» **EXERCISE PROMPT**: In your copy, leave out the pictures and repeat the entries below exactly.

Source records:
════

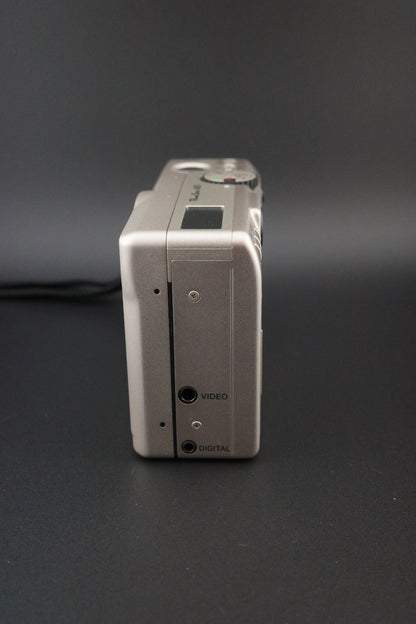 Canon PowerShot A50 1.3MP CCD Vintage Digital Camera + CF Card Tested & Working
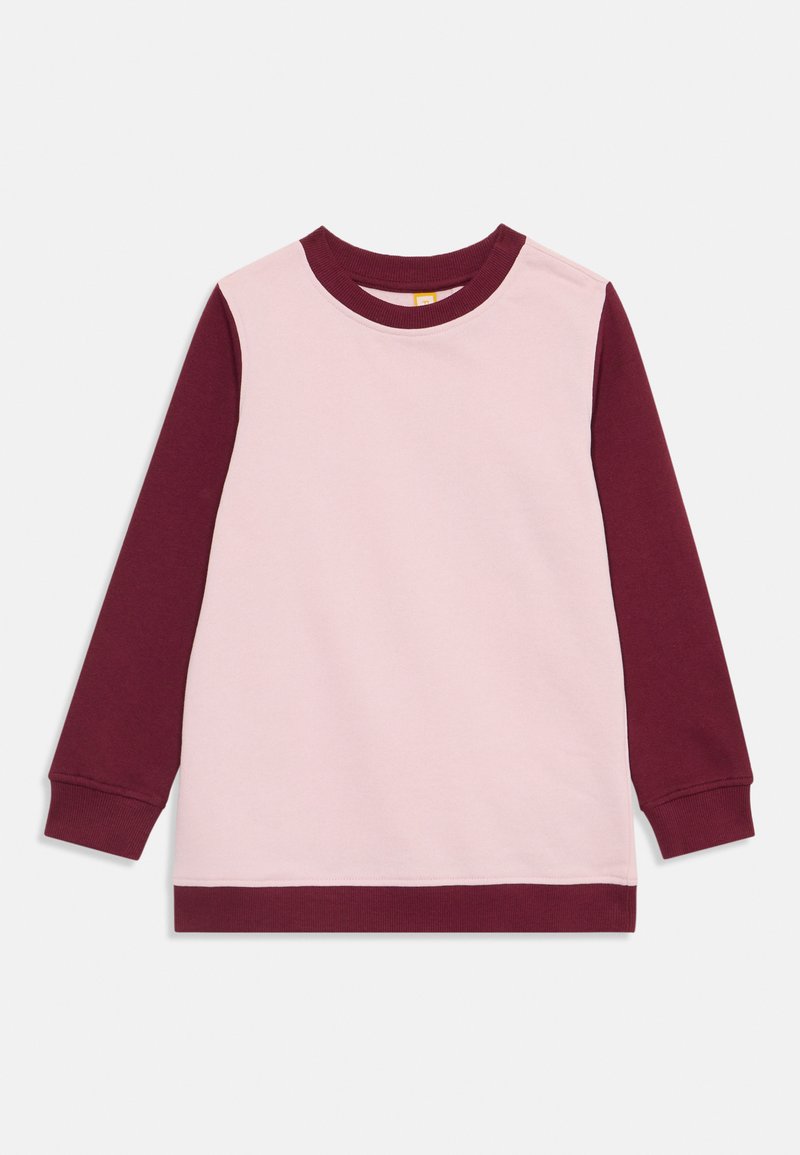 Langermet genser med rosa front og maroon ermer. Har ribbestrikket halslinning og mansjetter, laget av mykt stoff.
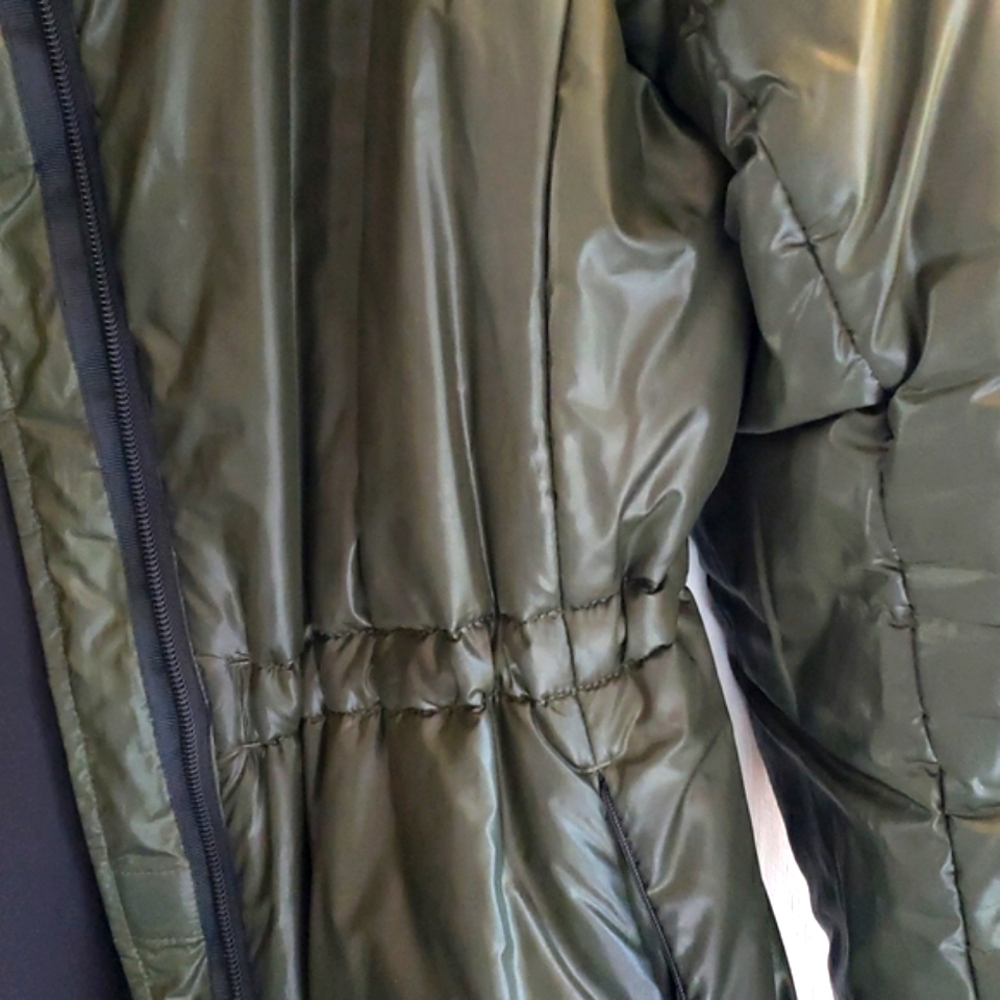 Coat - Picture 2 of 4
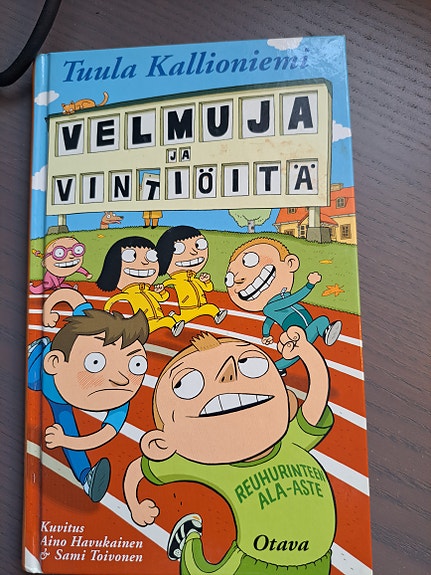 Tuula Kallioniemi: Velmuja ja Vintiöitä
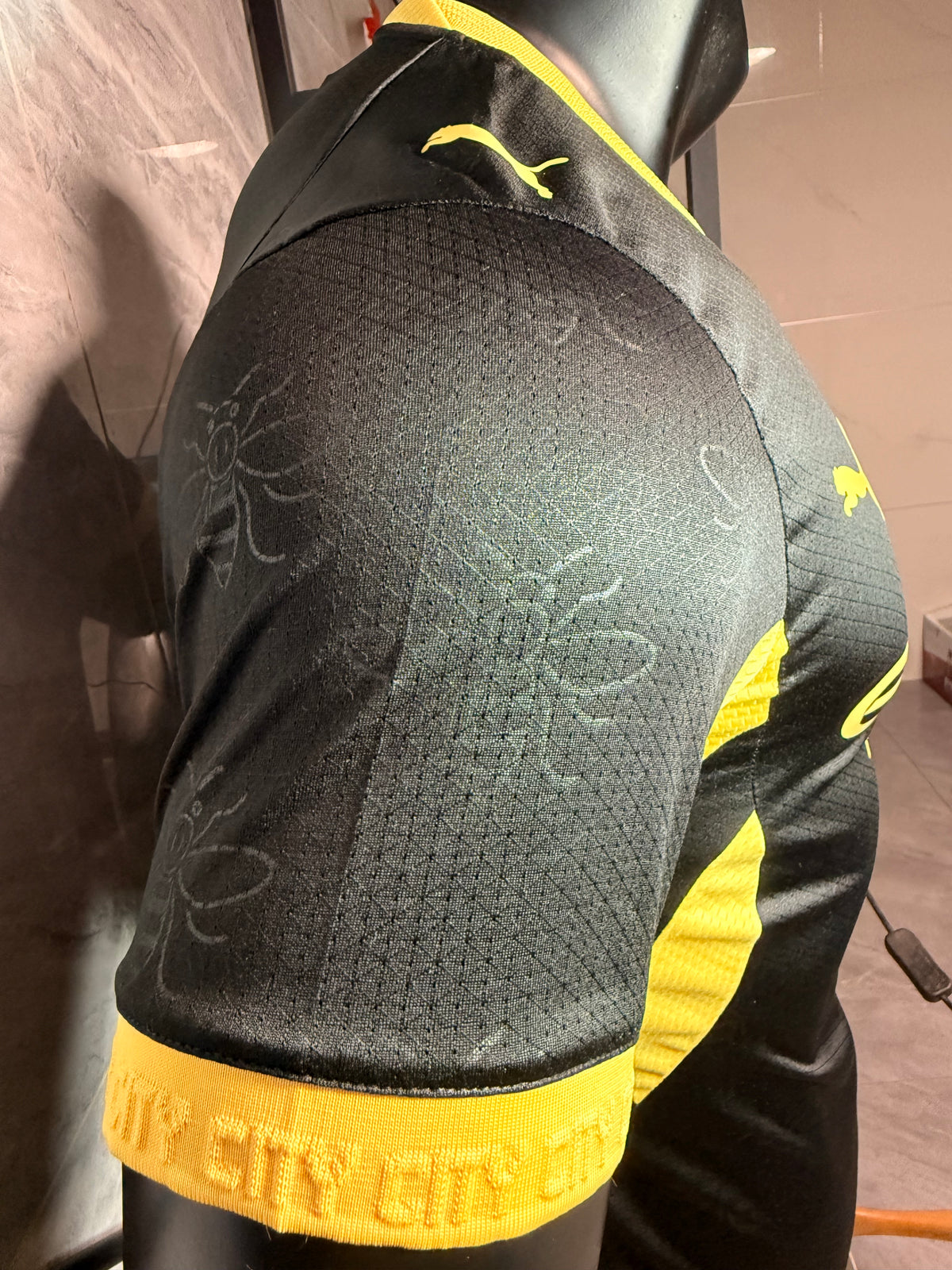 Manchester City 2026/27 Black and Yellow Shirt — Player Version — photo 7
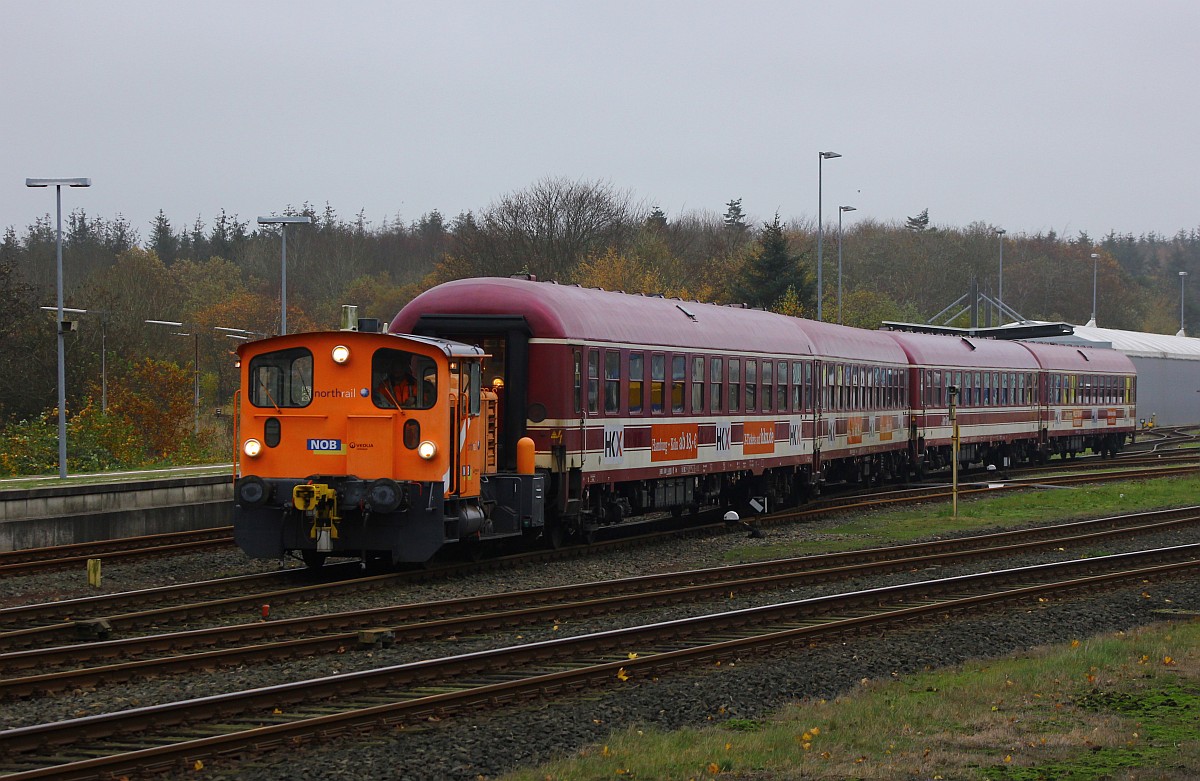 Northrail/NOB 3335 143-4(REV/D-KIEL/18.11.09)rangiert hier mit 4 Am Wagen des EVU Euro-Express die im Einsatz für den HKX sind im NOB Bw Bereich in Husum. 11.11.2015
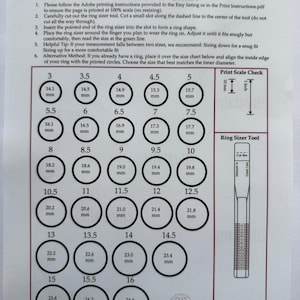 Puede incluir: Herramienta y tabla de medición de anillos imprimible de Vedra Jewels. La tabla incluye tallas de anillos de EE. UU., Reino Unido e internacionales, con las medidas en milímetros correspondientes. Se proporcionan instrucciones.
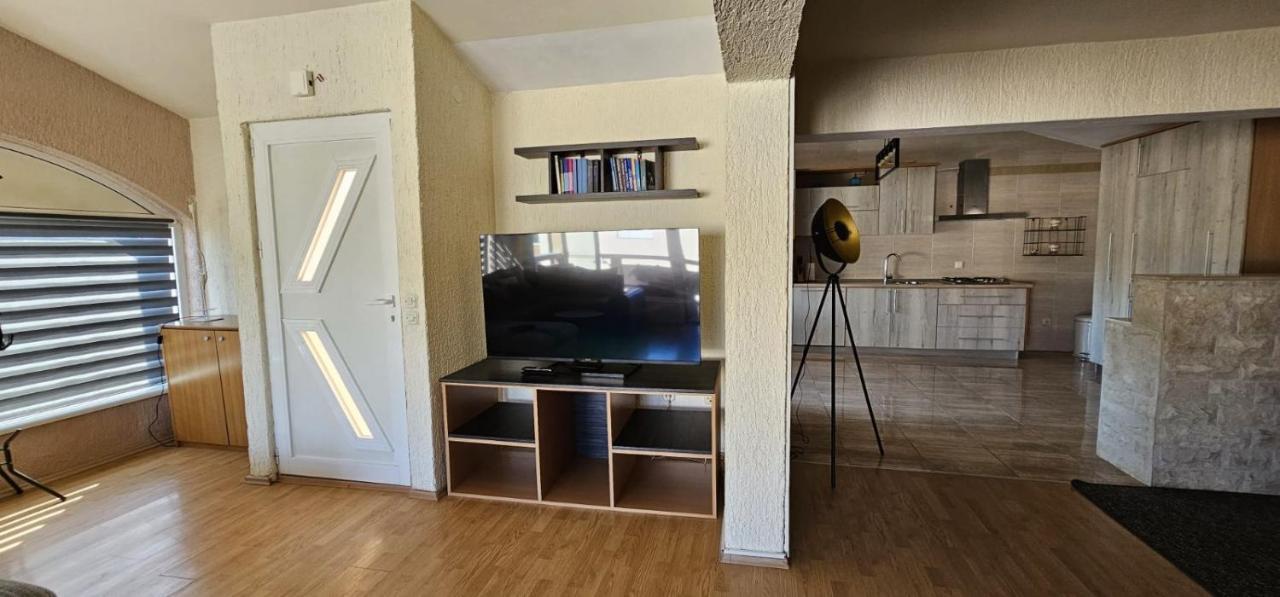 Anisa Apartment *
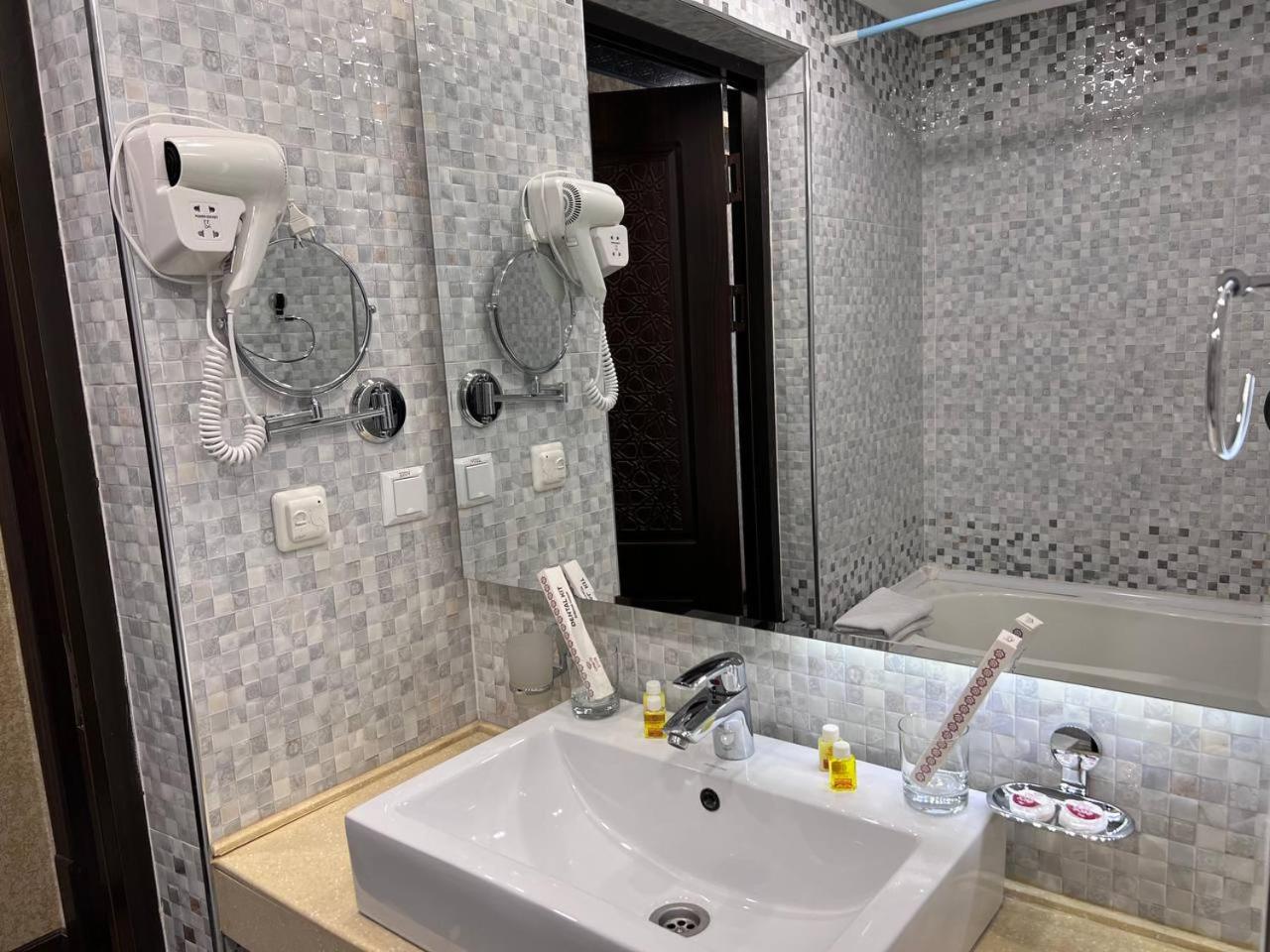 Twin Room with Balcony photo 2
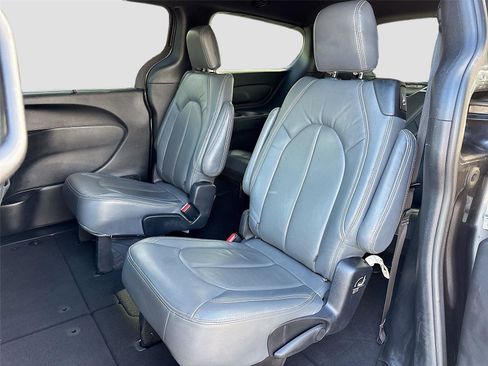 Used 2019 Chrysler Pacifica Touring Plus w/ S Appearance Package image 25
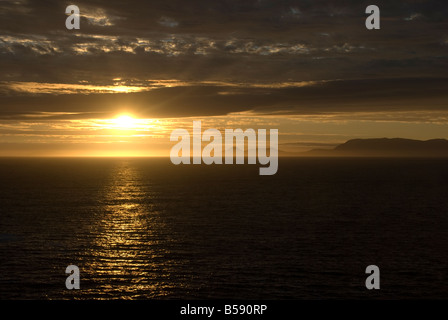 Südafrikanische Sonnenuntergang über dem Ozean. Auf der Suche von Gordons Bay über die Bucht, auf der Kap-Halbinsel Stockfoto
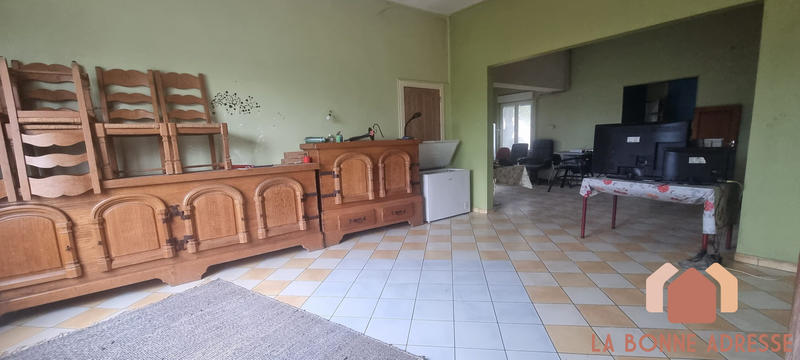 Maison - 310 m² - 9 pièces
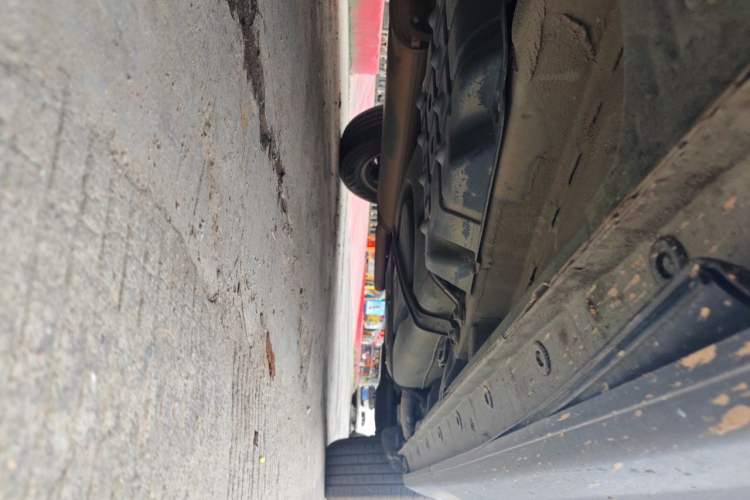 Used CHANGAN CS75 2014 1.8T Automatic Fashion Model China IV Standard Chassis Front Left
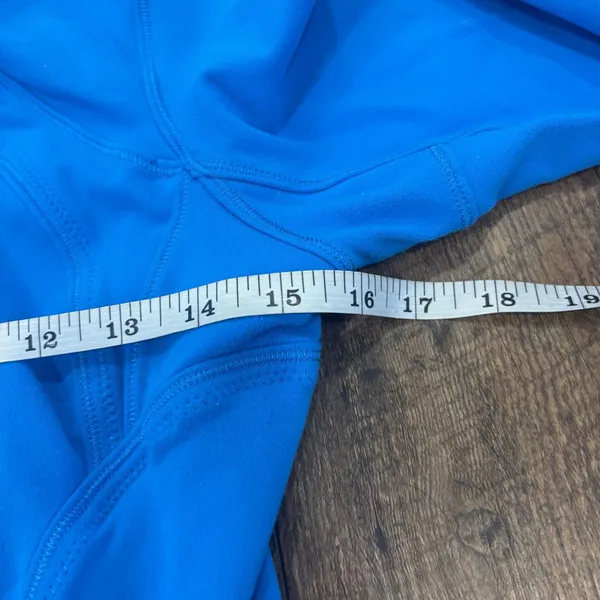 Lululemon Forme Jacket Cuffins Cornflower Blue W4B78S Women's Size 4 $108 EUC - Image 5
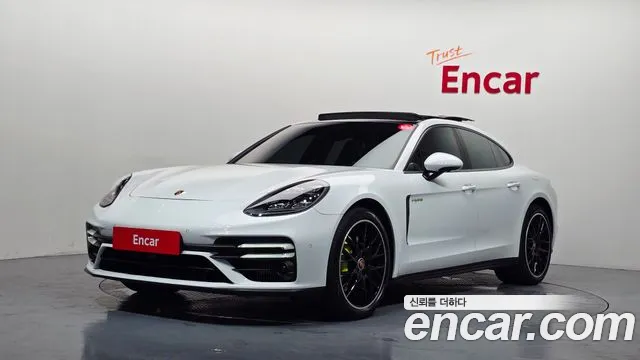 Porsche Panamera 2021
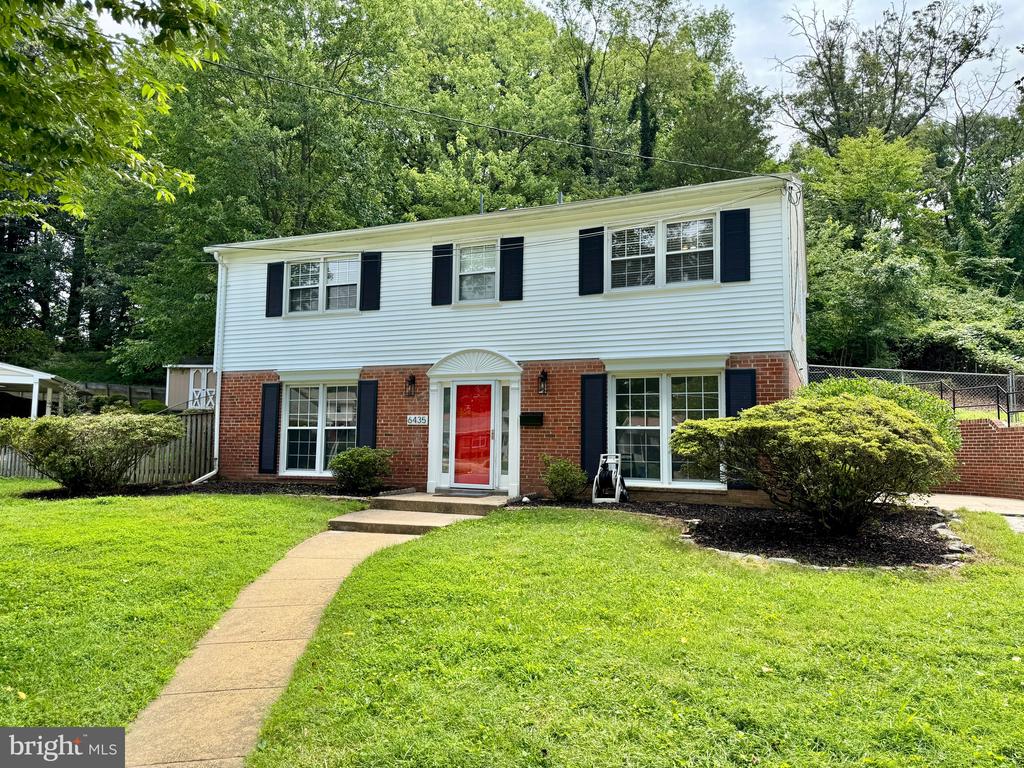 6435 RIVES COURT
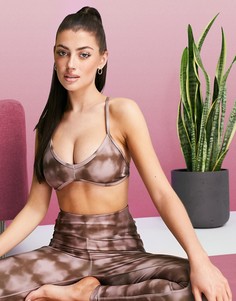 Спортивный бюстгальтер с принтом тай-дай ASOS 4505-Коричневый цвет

════

» **EXERCISE ANSWER**:
 Canon PowerShot A50 1.3MP CCD Vintage Digital Camera + CF Card Tested & Working
 Langermet genser med rosa front og maroon ermer. Har ribbestrikket halslinning og mansjetter, laget av mykt stoff.
 Coat - Picture 2 of 4
 Tuula Kallioniemi: Velmuja ja Vintiöitä
 Manchester City 2026/27 Black and Yellow Shirt — Player Version — photo 7
 Northrail/NOB 3335 143-4(REV/D-KIEL/18.11.09)rangiert hier mit 4 Am Wagen des EVU Euro-Express die im Einsatz für den HKX sind im NOB Bw Bereich in Husum. 11.11.2015
 Puede incluir: Herramienta y tabla de medición de anillos imprimible de Vedra Jewels. La tabla incluye tallas de anillos de EE. UU., Reino Unido e internacionales, con las medidas en milímetros correspondientes. Se proporcionan instrucciones.
 Anisa Apartment *
 Twin Room with Balcony photo 2
 Used 2019 Chrysler Pacifica Touring Plus w/ S Appearance Package image 25
 Südafrikanische Sonnenuntergang über dem Ozean. Auf der Suche von Gordons Bay über die Bucht, auf der Kap-Halbinsel Stockfoto
 Maison - 310 m² - 9 pièces
 Used CHANGAN CS75 2014 1.8T Automatic Fashion Model China IV Standard Chassis Front Left
 Lululemon Forme Jacket Cuffins Cornflower Blue W4B78S Women's Size 4 $108 EUC - Image 5
 Porsche Panamera 2021
 6435 RIVES COURT
 Спортивный бюстгальтер с принтом тай-дай ASOS 4505-Коричневый цвет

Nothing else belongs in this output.